It is quite a saga, a tale of horrors seeping forth from a real-life phantasmagoria. Thomas Murton writes of Arkansas' Tucker State Prison Farm as it was before he was brought in for a year as a reform superintendent in 1967: "Discipline was routinely enforced by flogging, beating with clubs, inserting of needles under fingernails, crushing of testicles with pliers, and the last word in torture devices: the 'Tucker telephone,' an instrument used to send an electric current through genitals." In Jail: The Ultimate Ghetto, Ronald Goldfarb records so many atrocities of prison life that the reader is scarcely surprised to learn that in the District of Columbia jail a young white antiwar protester of the 1960s was raped dozens of times by blacks. In a 75-page opinion, Federal Judge John L. Kane Jr. last December held that conditions in Colorado's Old Max prison were so primitive and confining that they were bound to damage the minds of the inmates.
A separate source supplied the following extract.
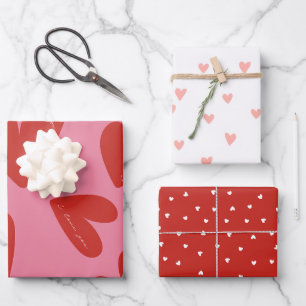 Feuille De Papier Cadeau La Saint-Valentin Moderne Rouges & Cœurs Rose Scri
The saga grows all the time. Last year Illinois Corrections Director Gayle Franzen had to mount a shakedown like a military maneuver to wrest control of Stateville Correctional Center from the inmate gangs who utterly ran the place. Says Harvard Law School Professor Alan Dershowitz: "One of the major issues on the prison-reform agenda is how to get the prisons back in the hands of the correction people. Too many prisons are in the hands of inmates." Far too many of the abominations associated with prisons turn out to be not flukes but widespread conditions.
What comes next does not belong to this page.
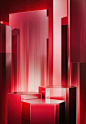 an abstract red and black background with cubes in the center, on top of each other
Shabby penal operations are so prevalent, in fact, that in the past decade judges have found that prisons in 15 states were bad enough to be declared unconstitutional. Tennessee, Maryland, Rhode Island—these only begin the list. Suits demanding improvement have been filed in 15 other states, and with every chance of success. Court-ordered upgradings are to be welcomed and have already forced the betterment of prisons in Mississippi, Alabama and Georgia. But this method of progress is slow and not always effective. In most instances, too, it only raises conditions from subhuman to minimally lawful.